The Best Romano Cheese Easter Bread
Rabbit Hole Distillery
Also called "Crescia al Formaggio" - this Easter bread is a classic Italian favorite. While still somewhat new to the west, it is enjoyed throughout Italy and much of Europe as an Easter tradition. It can be made in two bread loaf pans, or a round bundt pan.
Pro tip: Use an ice cream scooper to fill the pan, and intentionally leave the scooped dough as is in the pan.

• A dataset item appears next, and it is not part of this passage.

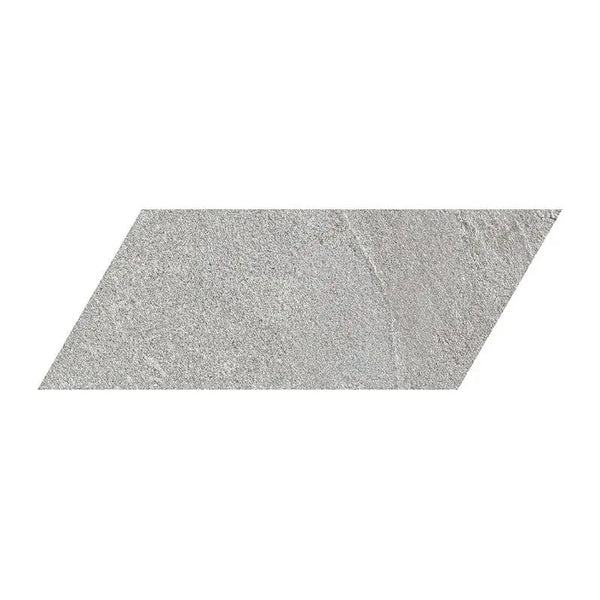Silver Flow Matte Gramma 66 Sx Porcelain Accent Tiles 15 7/16x7 43/64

This will give the bread a "braided" look and that extra little "artesian" feel.
1 cup warm milk (110 degrees F/45 degrees C)
2 (.25 ounce) packages active dry yeast
2 1/2 cups all-purpose flour
1 1/2 cups grated Romano cheese + another 1/2 cup for garnish
1 tablespoon butter, softened
1 egg white
In a small bowl, dissolve yeast in warm milk.
Let stand until creamy, about 10 minutes.
Lightly grease two 9x5 inch loaf pans.
In a large bowl, combine the yeast mixture with the flour, eggs, cheese and butter; beat well.
Scoop dough into prepared loaf pans.
Cover and let rise for 30 minutes, or until nearly doubled.
Preheat oven to 350 degrees F (175 degrees C).
Bake in preheated oven for 60 minutes, or until loaves are golden brown and sound hollow when their bottoms are tapped.
Remove from pans and place on a wire rack to cool.
Sprinkle remaining 1/2 cup Romano cheese on top of warm loaves. Let cool, and slice thinly.
Top with butter, or use for your next Italian deli sandwich!